I spent the early part of the week in Sheffield at the first meeting of the Institute of Physics Astroparticle Physics Group. There were talks on the search for the Dark Matter, gravitational waves, neutrino astrophysics, gamma-ray astrophsyics, and, of course, cosmology. All of this sometimes goes by the name “non-accelerator particle physics”: trying to learn about the basic constituents of the Universe in way other than smashing particles against one another at high speeds in a particle accelerator. Aside from the excellent science, we had the conference dinner at the Kelham Island Museum, which had some great machines from Sheffield’s industrial past (the UK’s equivalent of Pittsburgh).
(An aside: I’ll go along with Clifford’s observations that the UK is woefully, frighteningly, ridiculously expensive. It cost me £120 to get between London and Sheffield.)

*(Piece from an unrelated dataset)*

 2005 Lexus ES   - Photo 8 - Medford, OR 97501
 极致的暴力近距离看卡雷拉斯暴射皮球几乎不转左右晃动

Another distraction from the science was a discussion of the recent announcement that the UK government wants to reorganize the funding of both particle physics and astrophysics, especially as they relate to so-called “large facilities”, such as big telescopes and the aforementioned particle accelerators. The heads of the current Particle Physics and Astrophysics Research Council (PPARC) and the Central Laboratory of the Research Councils (CCLRC) got together last week to respond to the government and endorse the possible changes, and to nudge them in some specific directions. The worry, however, is that the progeny of these two councils would embody the worst of both worlds: big, unweildy, badly managed, and driven more by industrial applications than science. Indeed, the Royal Astronomical Society has produced its own response to the government, and reacted somewhat warily to the PPARC/CCLRC paper: science must remain at the forefront, not the facilities.
The RAS is now headed by Michael Rowan-Robinson, my colleague at Imperial. Another Imperial colleague, Professor Sir John Pendry, has been in the news recently for his part in developing “metamaterials” with weird properties such as the ability to bend light around them, making them appear invisible (but invisibility to radar — stealth technology –is more likely to be developed before one that could make someone invisible in visible light).